March, April and May saw a national boom in quad bike sales, highlighting the fierce political debate in which the Australian Competition and Consumer Commission is forcing through new regulations which will send the big-selling Japanese brands packing next year.
Honda, Yamaha, Suzuki and Kawasaki are all understood to be withdrawing their quad bikes from sale next year after an ACCC campaign forced changes to safety regulations requiring all quads to be fitted with a so-called operator protection device (OPD), or rollbar.
Second-hand quads are exempt from the new safety laws.
Manufacturers have railed for years against the forced safety change and believe that the testing procedures were not a proper representation of the facts and that rollover bars provide no overall safety benefit because in an incident the rider can get tangled up in one, rather than separate from the machine.
"In fact, they [the devices] may increase the risk of serious injury," the industry body claimed in a statement.
Ahead of the first stage of new regulations to come into effect nationally on October 11, the ACCC has cited recent research from the US Consumer Safety Product Division to support its position.
However, the manufacturers claim that the ACCC has "cherry-picked" from the report, which makes draws no conclusion nor makes any recommendations.
The ACCC says that since 2011, 149 people have died from quad bike-related accidents in Australia, 23 of whom have been children.
Manufacturers have always maintained that children should never be allowed to ride adult-sized quad bikes and that the majority of accidents are a result of poor training, people using the machines when impaired by alcohol, children using quad bikes they can't control properly, and riders failing to wear helmets.

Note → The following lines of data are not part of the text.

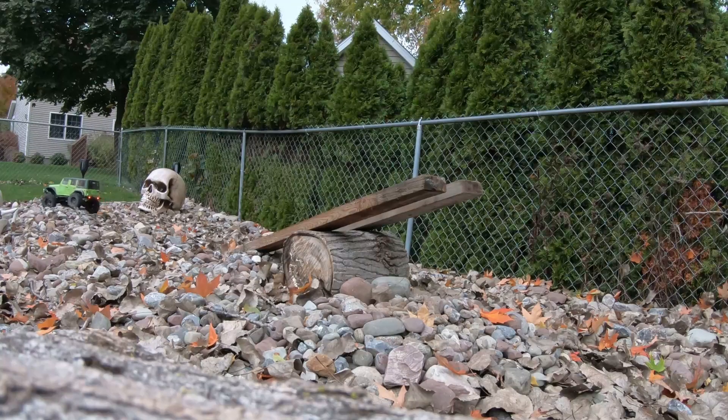That's Halloween decorations of my graveyard of death. I'll take a far away shot of it for you guys. All right, here we go.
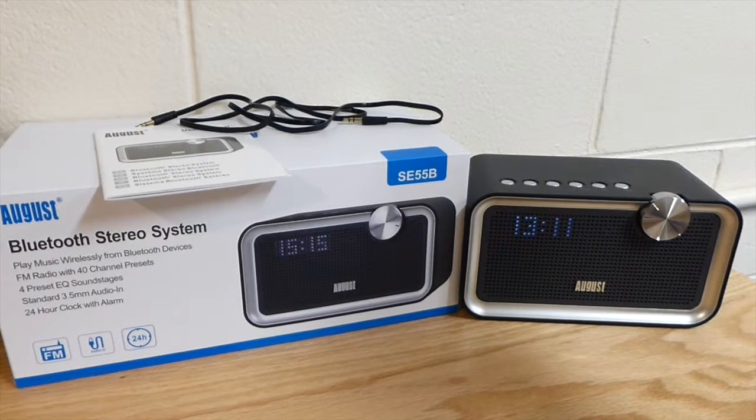What is up guys? Today I got an awesome review of the August Bluetooth stereo system - this is the SE55B. Anyone that's been a long time viewer of the channel definitely knows I reviewed the August SE50 Bluetooth stereo system. That was back on January 15th, 2014, so about two years ago I got the opportunity to review an August product, and here we are back at it again.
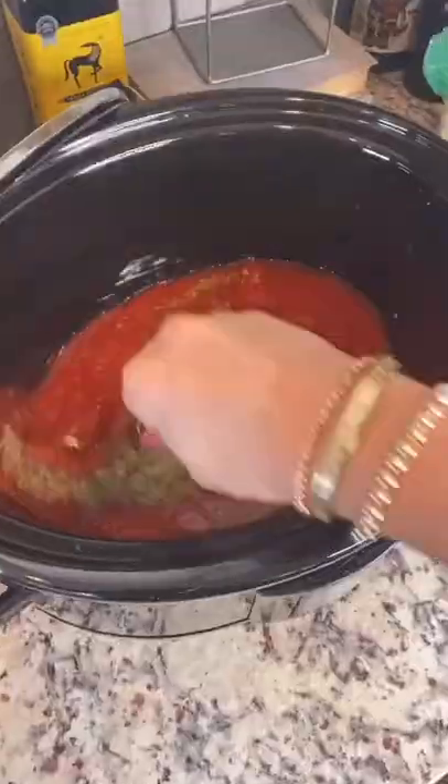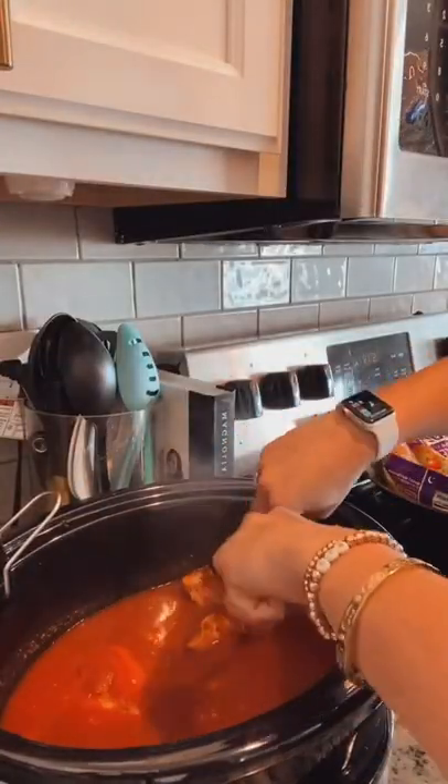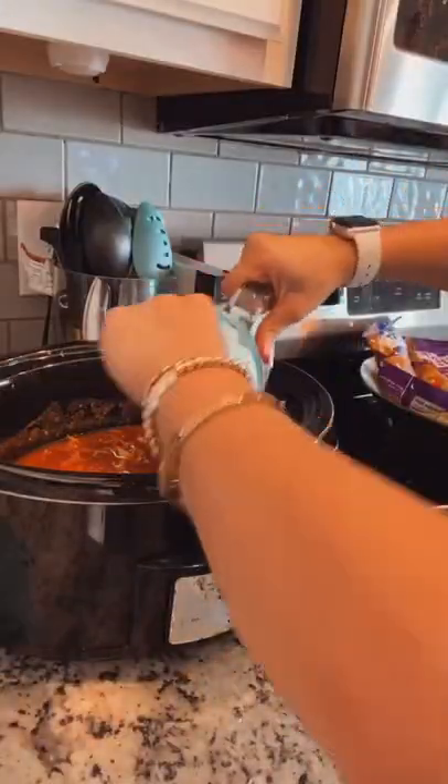I mixed in some chicken broth, gave it a good swirl, and then I added my chicken in. Be sure to press it down to get it all in there, and then let it cook for three hours on low.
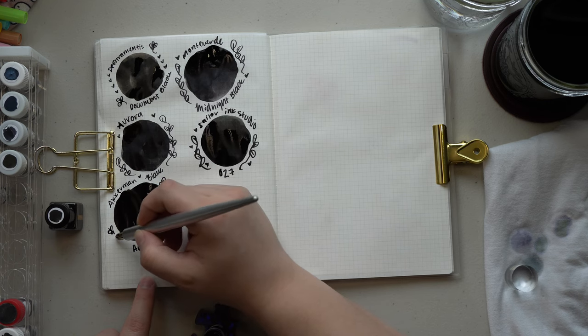Everything has pretty much dried all the way down, so I'm going to zoom in and talk more about shading, sheen, and things like that. Starting off, De Atramentis Document Black is actually still wet in some spots, which is surprising considering it's been over an hour since I did this swatch. The writing is dry though. In terms of color, it's a nice matte black, pretty standard in tone — not super warm or cool — but it does look kind of gray next to some of the other inks on this page.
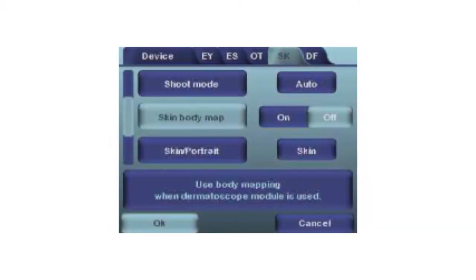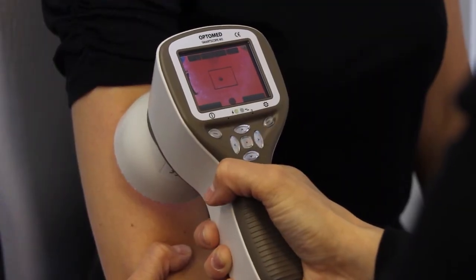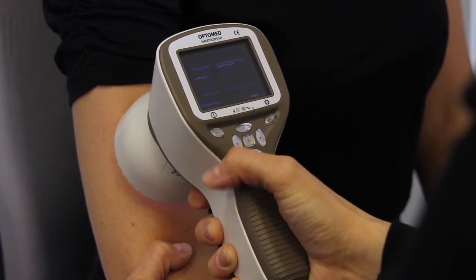Skin body map: the skin body mapping feature can be used for marking the body part that was photographed on the image file name. The camera will display options of different body parts after the image was captured. Choose the correct body part by using the arrow keys and soft key.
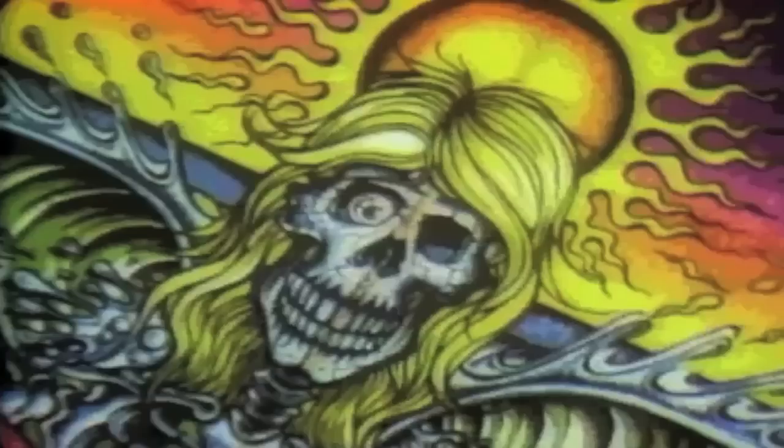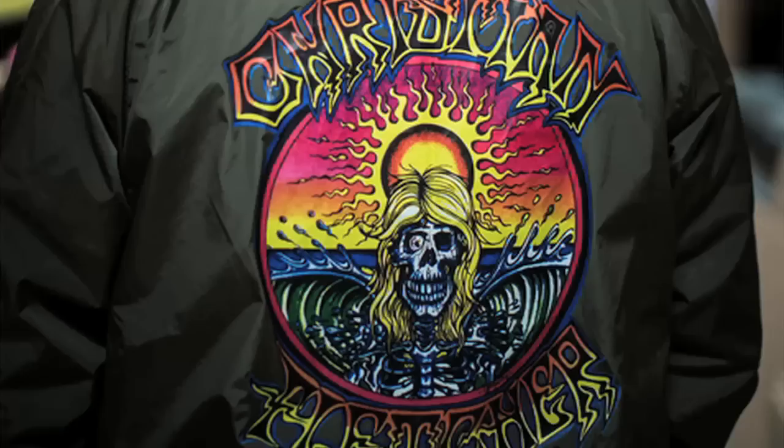I had Roy Gonzalez draw this logo back in like 1987. I was 16 years old and so we started making surfboards, Christian Fletcher surfboards. Roy drew this and like the world was really nice back then — all pretty like sun and nice waves and stuff like that.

In April, the NSW Nationals launched a campaign called "keep kids off quad bikes", which claimed the machines are the "biggest killers on NSW farms".
Farmers are being offered a $2000 rebate as a one-off payment at the point of sale to upgrade their quad bike to a side-by-side vehicle, which has a cabin, rollover protection and in which the occupants sit alongside each other, rather than as a driver and pillion.
There are an estimated 186,000 quad bikes in use throughout Australia, and around 44 are sold on average every day as work vehicles, mainly in the agriculture and forestry industries.
The ACCC believes the inherent rollover safety issues "should be addressed at the design stage" where "it is often more economical to address product flaws", points which the industry has strongly refuted.
There is now a growing groundswell of support among farmers and graziers who see quad bikes as a vital product for their everyday farm and stock maintenance, and believe that the so-called side-by-side vehicles are no proper substitute.
From October 11, the Australian standard will require that all new quad bikes sold must carry tags and stickers, plus information in the instruction manual warning of the rollover safety issue. In 12 months, new quads cannot be sold without an aftermarket rollover bar.
The industry claims the issue is "far from over" and that farming and agriculture associations are now gathering their resources to fight the ACCC's dictum.